Latest PyPI version Documentation Status downloads badge

Simple Generation

Simple Generation offers a minimal interface to run text generation with HuggingFace checkpoints. The core idea is to ship many neat features out of the box, avoiding boilerplate.

Simplegen is mainly for personal use and simple hardware setups (ideally, single-node single- or multi-gpu). If you are looking for production-ready inference engine consider looking elsewhere :) )

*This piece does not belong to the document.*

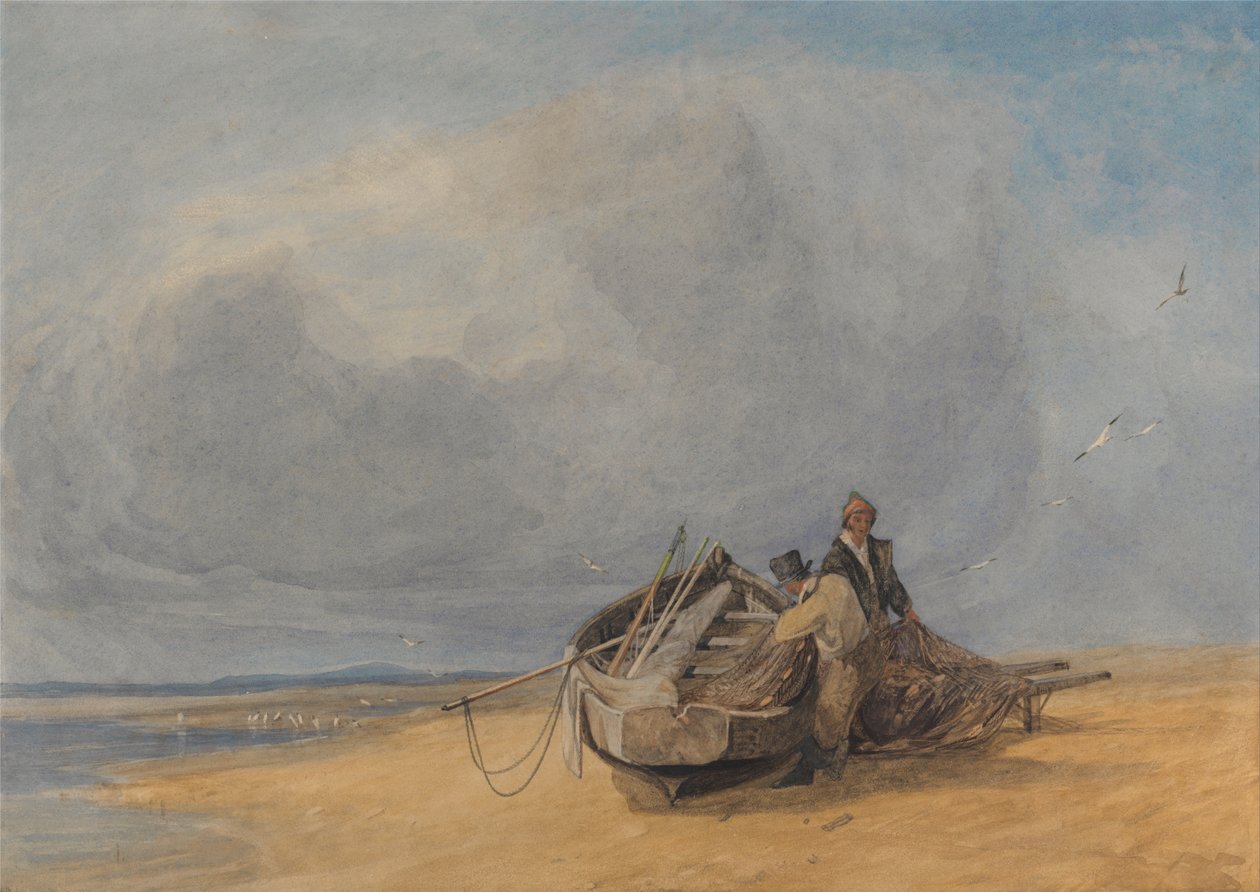 Sables de Yarmouth, Norfolk - John Sell Cotman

Moreover, please note that the library will apply some (sensible) defaults (on where to place models, generation configuration, and so on) which might not suit your use case and should be edited accordingly. Please head to defaults to see a list of things you should be aware of.

Install:

pip install simple-generation

If you want to use inference with Vision Language Models (VLMs) run:

pip install "simple-generation[vlm]"

Features

  • generate with any model that can be loaded with AutoModelForCausalLM or AutoModelForSeq2SeqLM
  • batched inference for speed (batch_size=256)
  • auto find the largest batch size fitting in your accelerator (batch_size="auto", starting_batch_size=512)
  • torch.compile the model for speed (compile_model=True)
  • load and attach LoRA weights (lora_weights=...)
  • chat templates for modern chat models (apply_chat_template=True in __call__)
  • carbon emission estimates using codecarbon
  • sparsity and fused kernels for speed with optimum (use_bettertransformer=True)
  • DDP for single-node, multi-gpu setups using accelerate. See Distributed Inference
  • GUI for quick interaction with models using Gradio's ChatInterface. See Chat Interface

Vision-Language Models

For an example look into ./examples/vlm.

Loading a Model

from simple_generation import SimpleGenerator
model_name = "meta-llama/Llama-2-7b-chat-hf"
generator = SimpleGenerator(model_name, load_in_8bit=True)

Any named argument to SimpleGenerator will be passed the from_pretrained HF method. For example, you can

  • load models with 8bit or 4bit quantization (load_in_[4|8]bit=True)
  • set torch dtypes (torch_dtype=torch.bfloat16)
  • use auto GPUs placement and inference (device_map="auto")

Running Inference

texts = [
    "Write a poem in the style of Leonardo Da Vinci",
    "Tell me what's 2 + 2.",
    "Translate the following sentence to Spanish: I went to the supermarket to buy a lighter."
]
responses = generator(texts, apply_chat_template=True, add_generation_prompt=True)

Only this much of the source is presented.